Using Wiktionary to build an Italian part-of-speech tagger

  Tom De Smedt (Computational Linguistics Research Group, University of Antwerp)
  Fabio Marfia (Dipartimento di Elettronica, Politecnico di Milano)

 

Pattern contains part-of-speech taggers for a number of languages (including English, Spanish, German, French and Dutch). Part-of-speech tagging is useful in many data mining tasks. A part-of-speech tagger takes a string of text and identifies the sentences and the words in the text along with their word type. The word type or part-of-speech can vary according to a word's role in the sentence. For example, in English, can can be a verb ("Can I have a can of soda?") or a noun ("Can I have a can of soda?").

The output takes the following form:

Can I have a can of soda ?
MD PRP VB DT NN IN NN .

POS-tag MD indicates a modal verb, PRP a personal pronoun, VB a verb, DT a determiner, NN a noun and IN a preposition. The tags are part of the Penn Treebank II tagset.

Pattern uses Brill's algorithm to construct its part-of-speech taggers. Other algorithms are more robust, but a Brill tagger is fast and compact (i.e., 1 MB of data) so it makes a good candidate for Pattern. There are many languages for which Pattern does (or did) not have a tagger – for example Italian.

Brill's algorithm essentially produces a lexicon of known words and their part-of-speech tag, along with some rules for unknown words, or rules that change the tag according to a word's role in the sentence.

In the past, written text (e.g., 1 million words) had to be tagged manually by human annotators, and then fed to the algorithm. Manual annotation is expensive and time consuming. Today many resources are freely available. One such resource is Wiktionary, where many people collaborate to produce a free multilingual dictionary. 

 


1. Mining Wiktionary for part-of-speech tags

If you take a look at: http://en.wiktionary.org/wiki/Index:Italian/a, you'll see a list of thousands of Italian words that start with a- together with their part-of-speech tag. Since Wiktionary's content is free, we can mine the HTML of the page to automatically populate a lexicon. We can also mine the pages for words starting with b-, c-, and so on, to expand our lexicon.

The following script uses the pattern.web module to accomplish this.
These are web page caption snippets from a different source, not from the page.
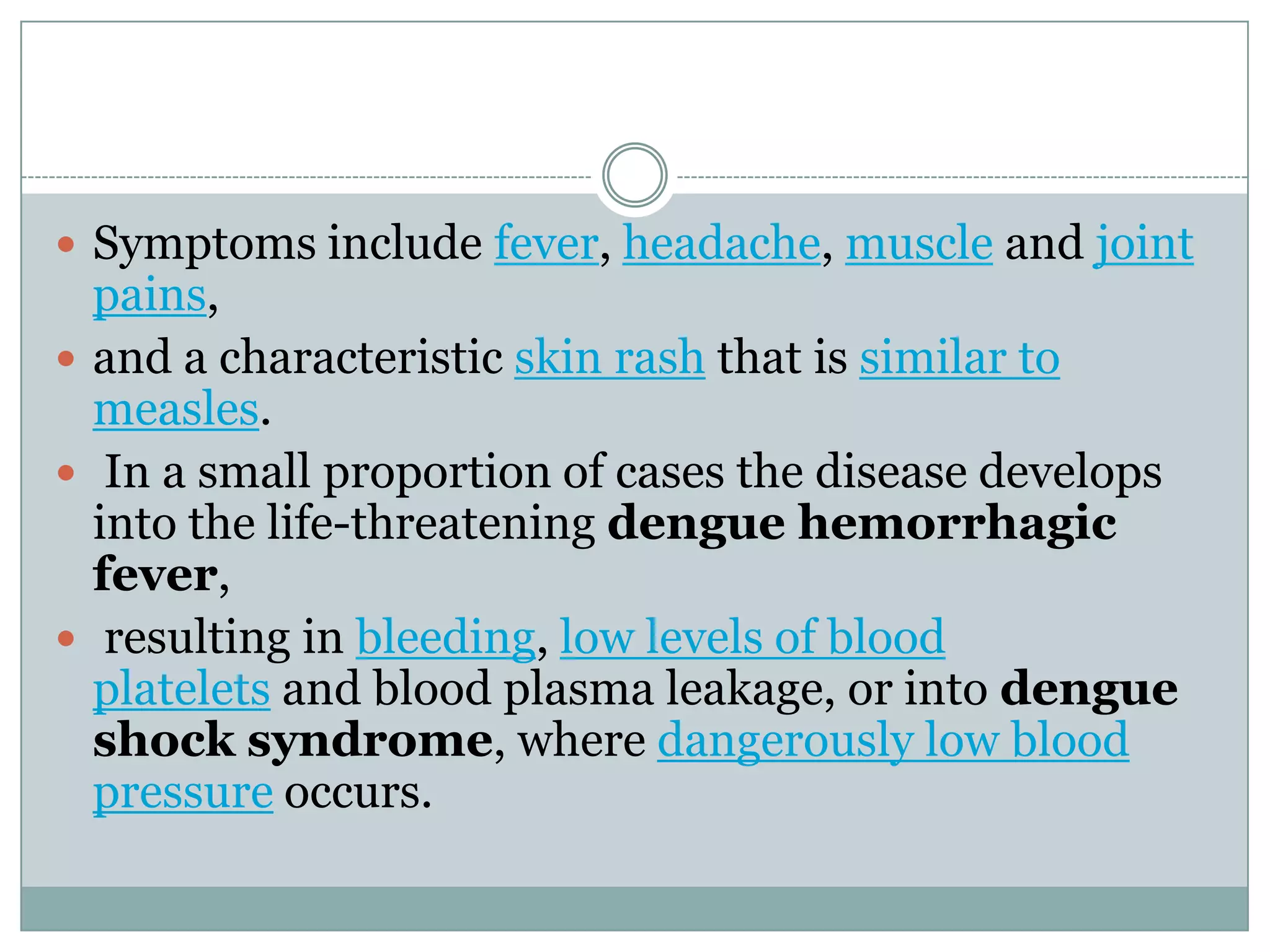  Symptoms include fever, headache, muscle and joint
  pains,
 and a characteristic skin rash that is similar to
  measles.
 In a small proportion of cases the disease develops
  into the life-threatening dengue hemorrhagic
  fever,
 resulting in bleeding, low levels of blood
  platelets and blood plasma leakage, or into dengue
  shock syndrome, where dangerously low blood
  pressure occurs.
 
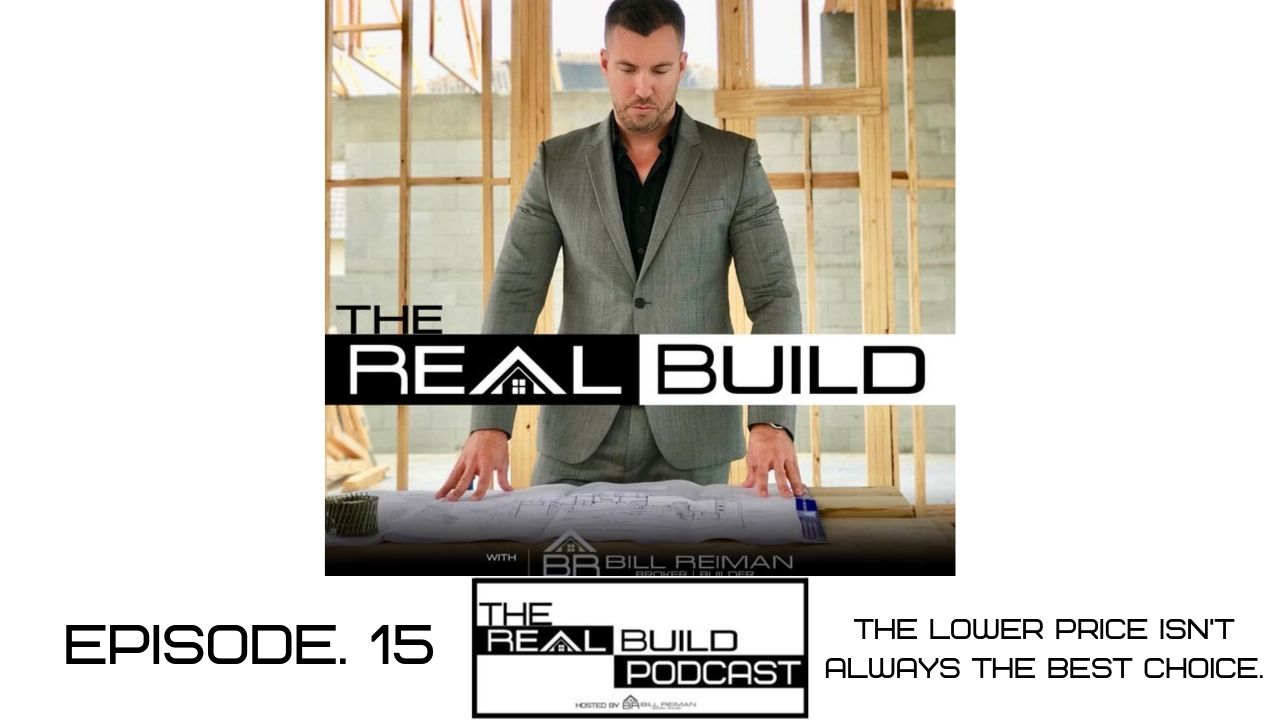 The Real Build Episode 15. The Lower Price Isn’t Always The Best Choice.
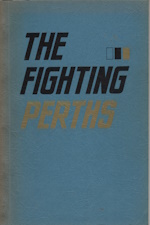 Image for The fighting Perths; the story of the first century in the life of a Canadian county regiment The fighting Perths; the story of the first century in the life of a Canadian county regiment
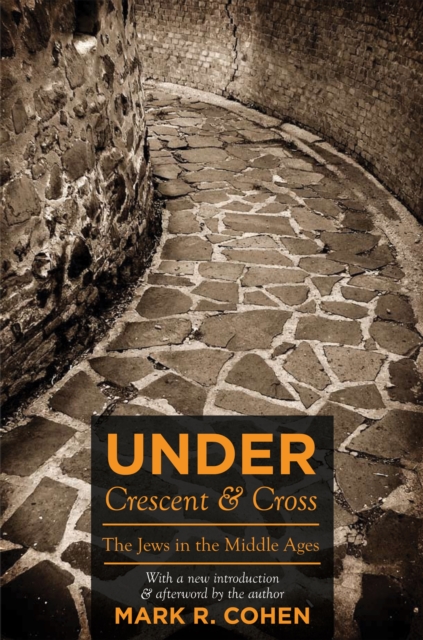 Under Crescent and Cross : The Jews in the Middle Ages, Paperback / softback Book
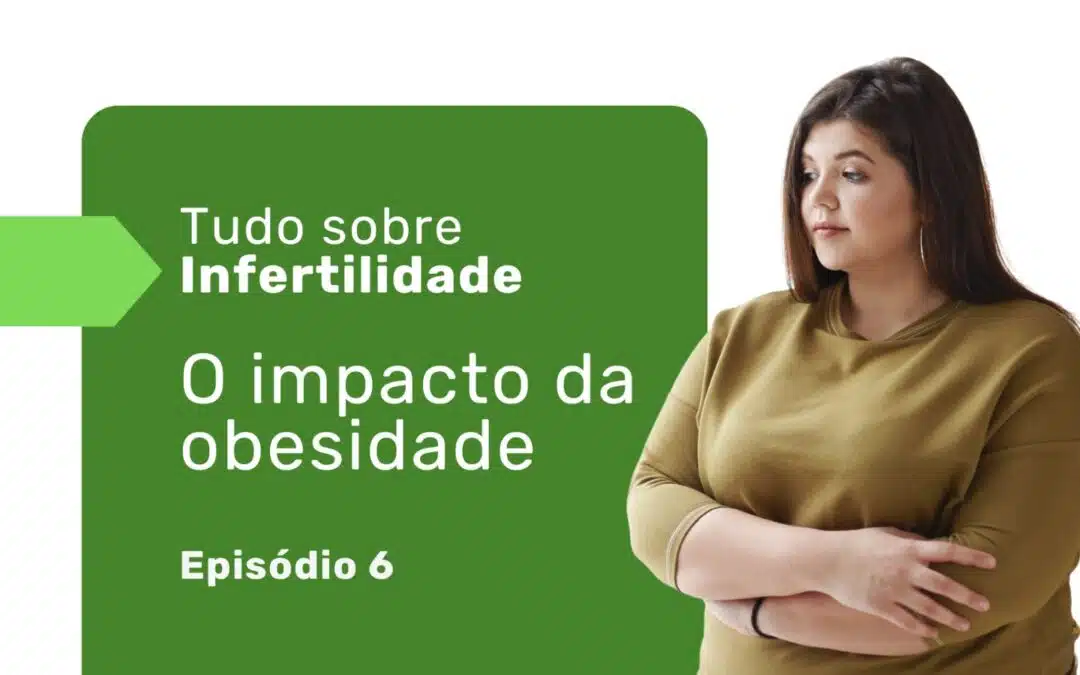 Obesidade e infertilidade: entenda a relação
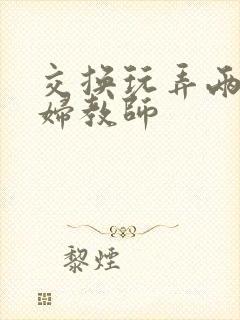 交换玩弄两个美妇教师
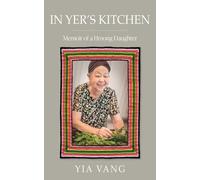 Yia Vang In Yer's Kitchen (Tascabile)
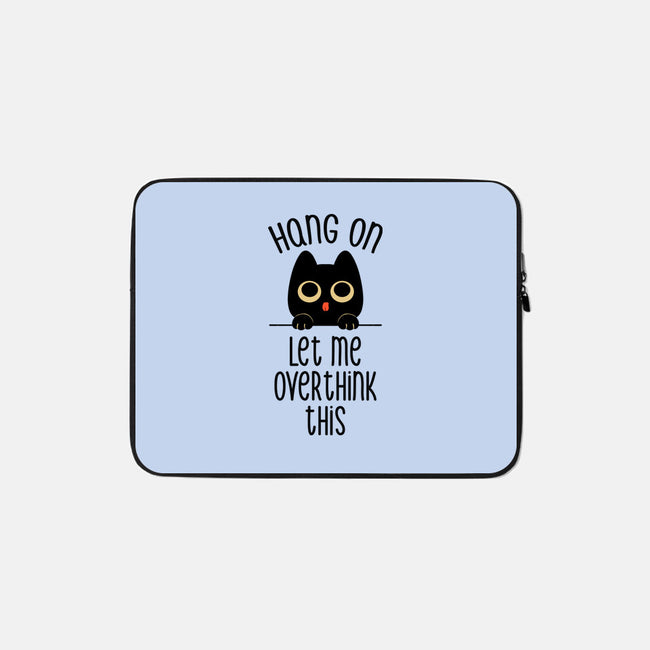 Hang On Let Me Overthink This-None-Zippered-Laptop Sleeve-tobefonseca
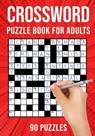 Crossword Puzzle Books for Adults: Quick Cross Word Puzzles Activity Book 90 Puzzles (US Version) - Puzzle King Publishing - 9798653314490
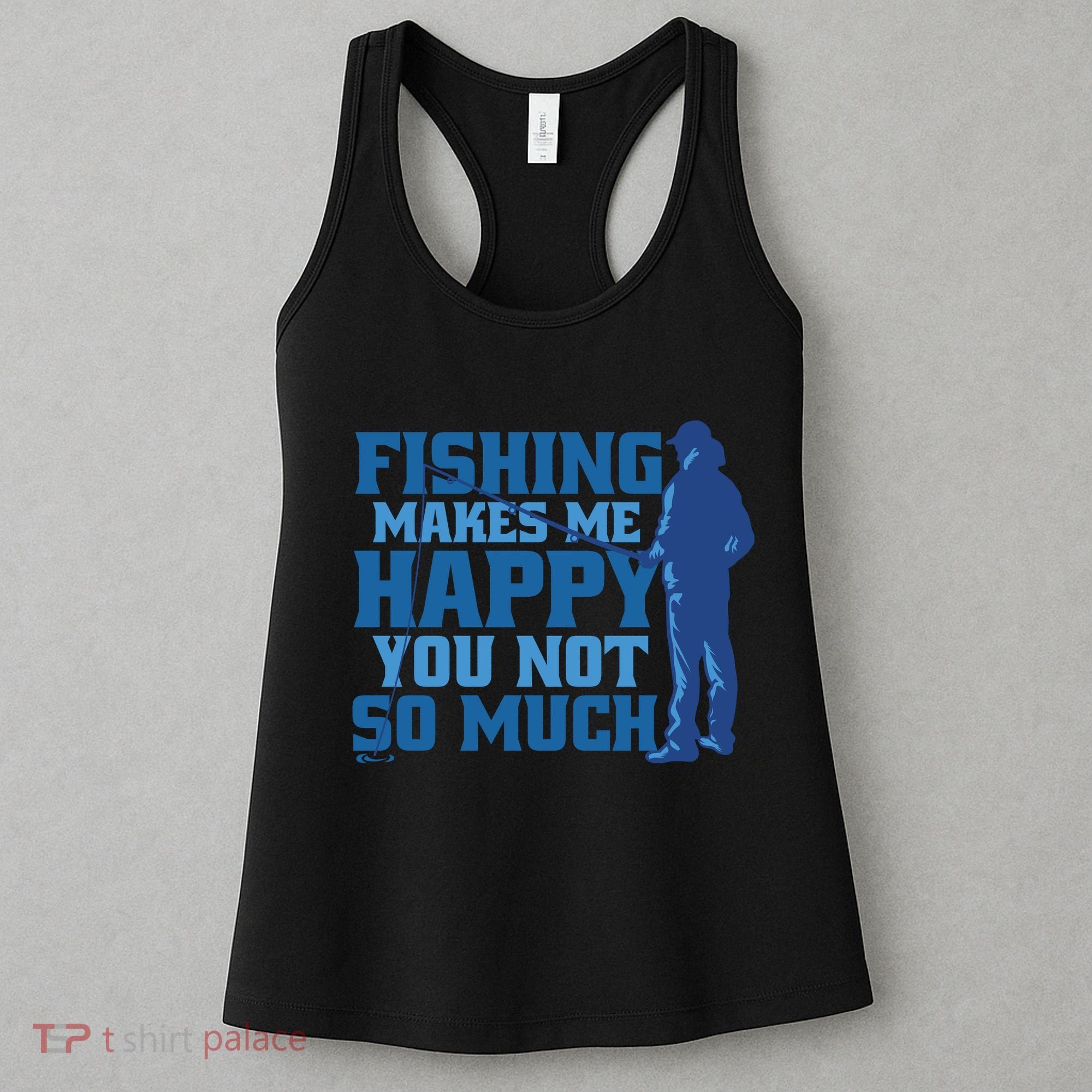 Fishing Makes Me Happy Funny Women's Tank Top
The URL class has a download() method that retrieves the HTML from a given web address. The DOM class takes a string of HTML and transforms it into a tree of nested elements. We can then search the tree with CSS selectors for the elements we need, i.e., the words and their type:

from pattern.web import URL, DOM

url = "http://en.wiktionary.org/wiki/Index:Italian/"

lexicon = {}
for ch in "abcdefghijklmnopqrstuvwxyz0":
    print ch, len(lexicon)
    # Download the HTML source of each Wiktionary page (a-z).
    html = URL(url + ch).download(throttle=10, cached=True)
    # Parse the HTML tree.
    dom = DOM(html)
    # Iterate through the list of words and parse the part-of-speech tags.
    # Each word is a list item:
    # <li><a href="/wiki/additivo">additivo</a><i>n adj</i></li>
    for li in dom("li"):
        try:
            word = li("a")[0].content
            pos = li("i")[0].content.split(" ")
            if word not in lexicon:
                lexicon[word] = []
            lexicon[word].extend(pos)
        except:
            pass

We end up with a lexicon dictionary that contains about a 100,000 words, each linked to a list of part-of-speech tags. For example: la → DT, PRP, NN.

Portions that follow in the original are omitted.